-------- Information --------

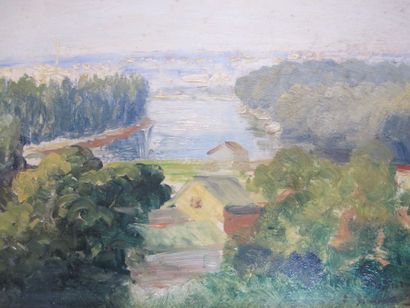 MODERN SCHOOL

At the water's edge

Oil on...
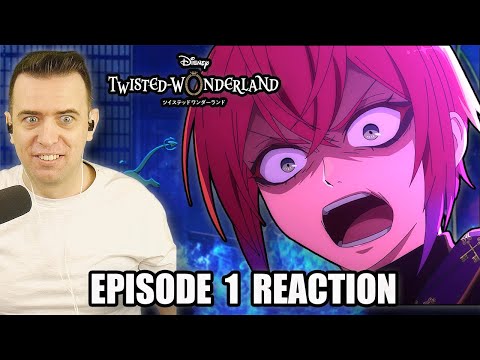 A DISNEY ANIME Disney Twisted Wonderland The Animation Episode 1 REACTION 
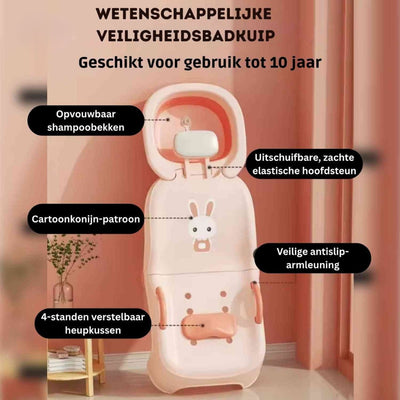 Opvouwbare en Comfortabele Haarwasstoel voor Kinderen - Kidoro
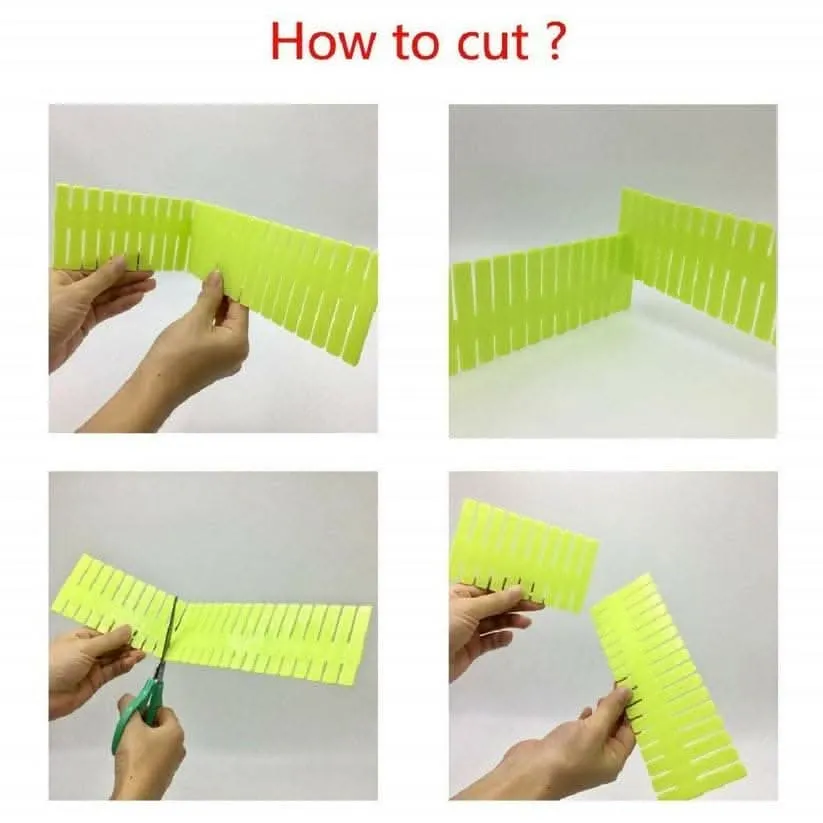 Adjustable Plastic Drawer Dividers for Home & Office (Any Color)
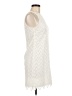 Aqua 100% Polyester Chevron-herringbone Ivory Cocktail Dress Size M - photo 4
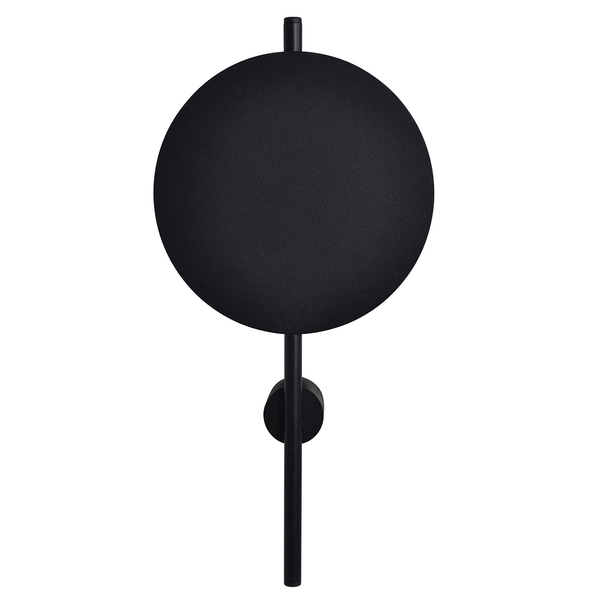 Designerska lampa naścienna Rega K-4637 Kaja czarny kinkiet nad lustro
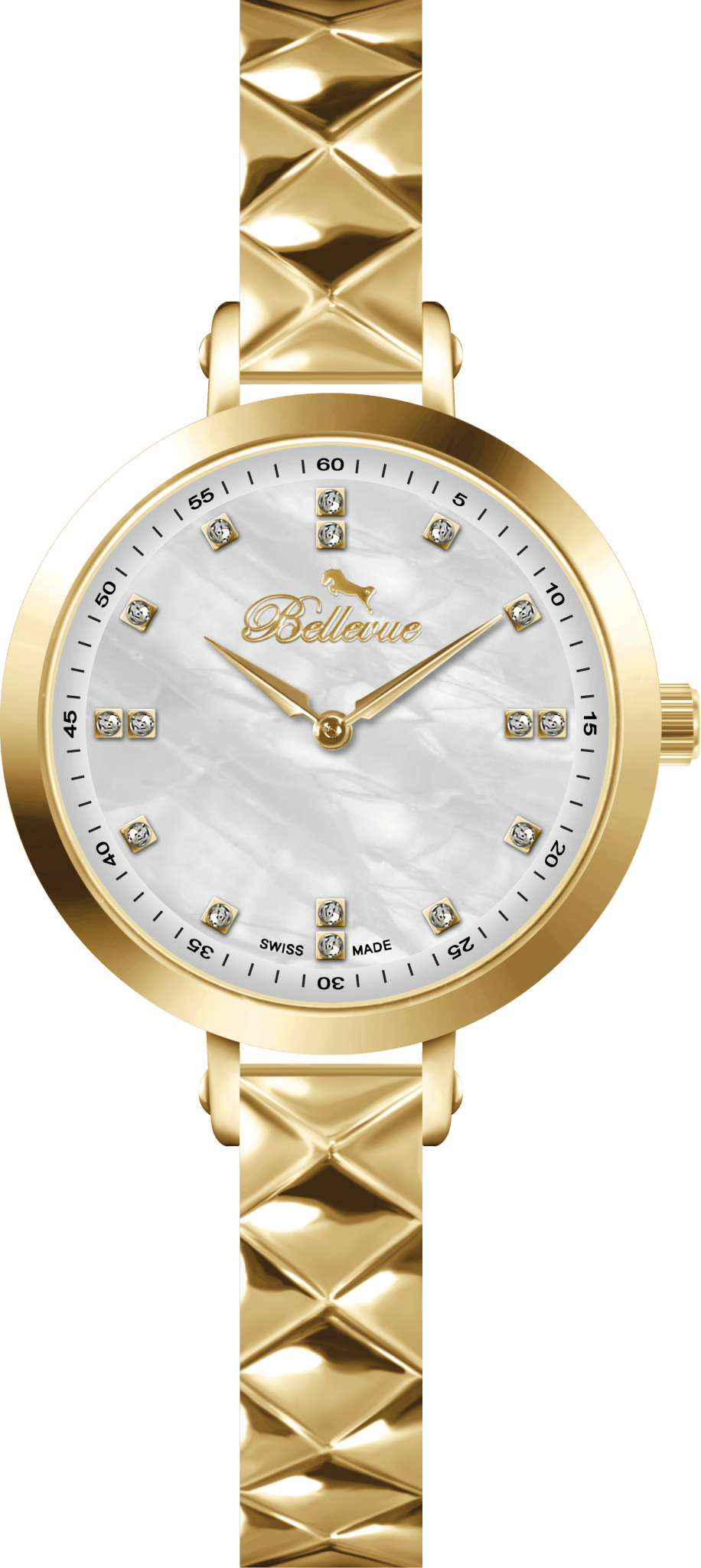 Bellevue Swiss Made Women’s Watch 32mm – Rose Gold & Silver | Ronda Quartz - NAFALUXE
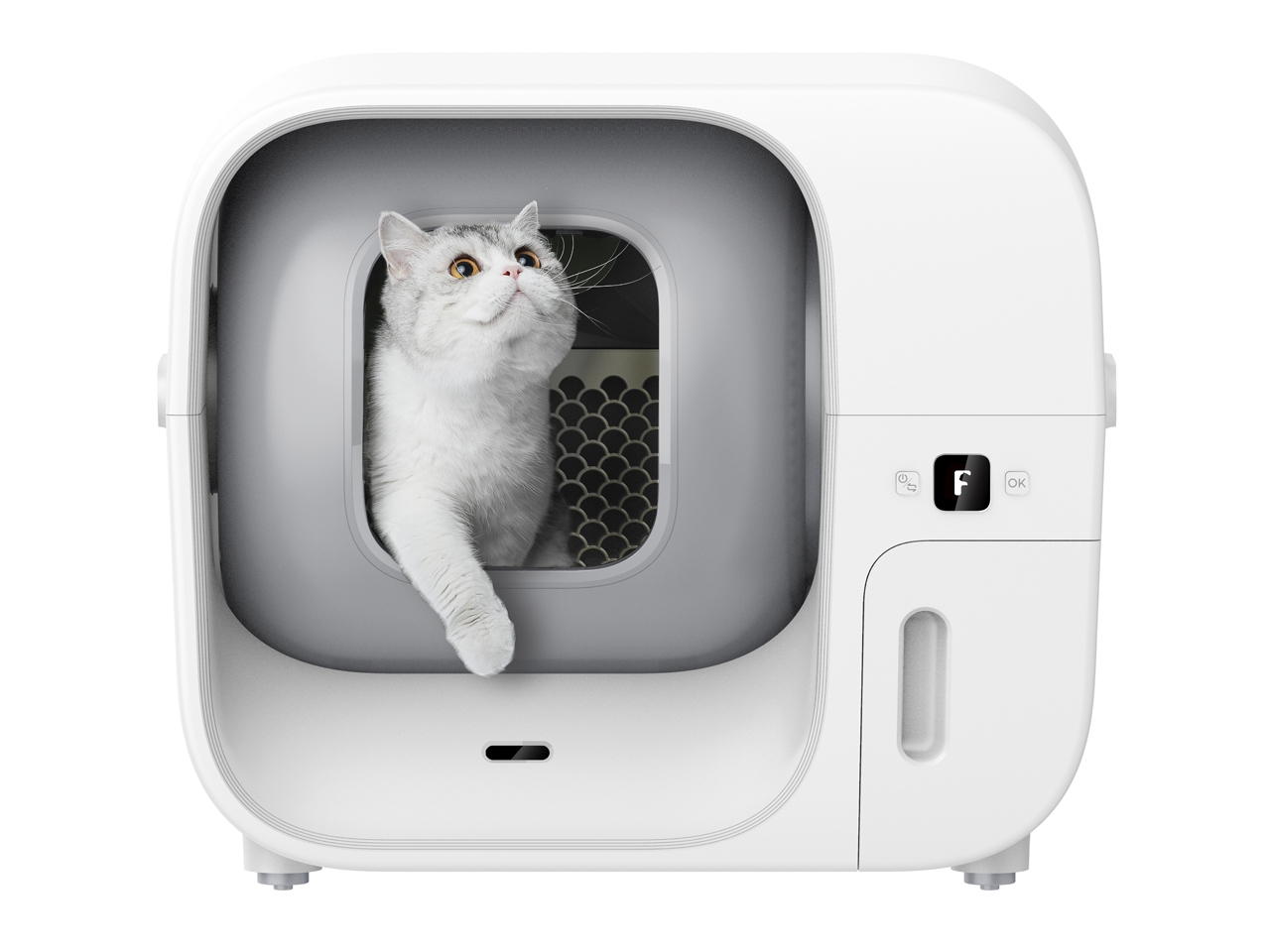 猫の体調管理と排泄物を自動処理できる「全自動スマート猫トイレ」 お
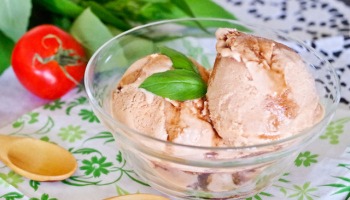 Изображение рецепта Томатное мороженое с базиликом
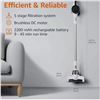 Image 2 : Open Box Amazon Basics Cordless Vacuum Cleaner - White
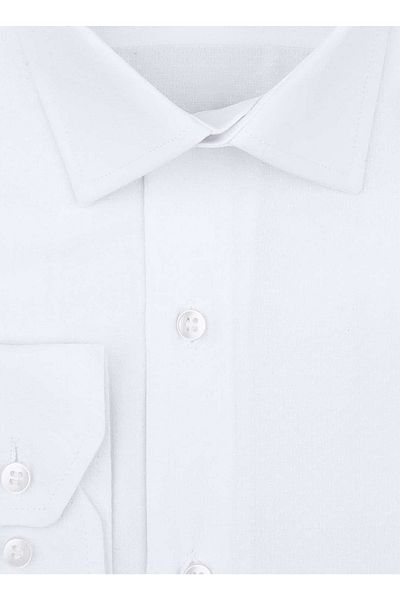 SÜVARİ Gm2025000183 Ανδρικό πουκάμισο Classic Collar Regular Fit Dobby White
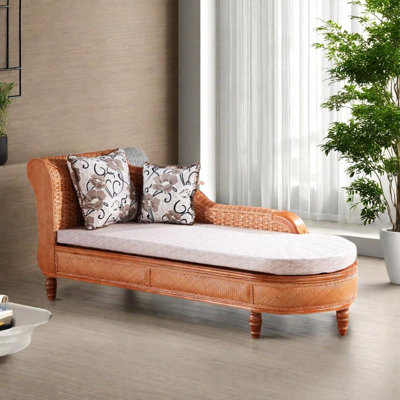 Chaise en coton et lin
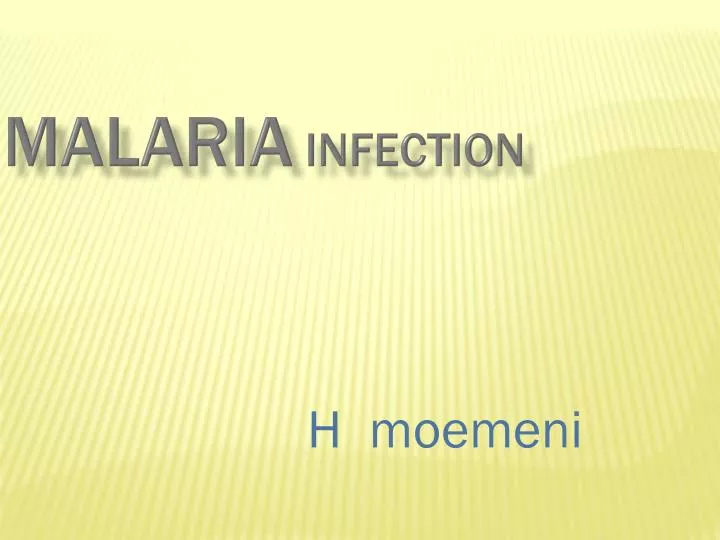 malaria infection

--------

Work instruction: Reproduce the whole listing above word for word, dropping each image.

Output:
 MODERN SCHOOL

At the water's edge

Oil on...
 A DISNEY ANIME Disney Twisted Wonderland The Animation Episode 1 REACTION 
 Opvouwbare en Comfortabele Haarwasstoel voor Kinderen - Kidoro
 Adjustable Plastic Drawer Dividers for Home & Office (Any Color)
 Aqua 100% Polyester Chevron-herringbone Ivory Cocktail Dress Size M - photo 4
 Designerska lampa naścienna Rega K-4637 Kaja czarny kinkiet nad lustro
 Bellevue Swiss Made Women’s Watch 32mm – Rose Gold & Silver | Ronda Quartz - NAFALUXE
 猫の体調管理と排泄物を自動処理できる「全自動スマート猫トイレ」 お
 Изображение рецепта Томатное мороженое с базиликом
 Image 2 : Open Box Amazon Basics Cordless Vacuum Cleaner - White
 SÜVARİ Gm2025000183 Ανδρικό πουκάμισο Classic Collar Regular Fit Dobby White
 Chaise en coton et lin
 malaria infection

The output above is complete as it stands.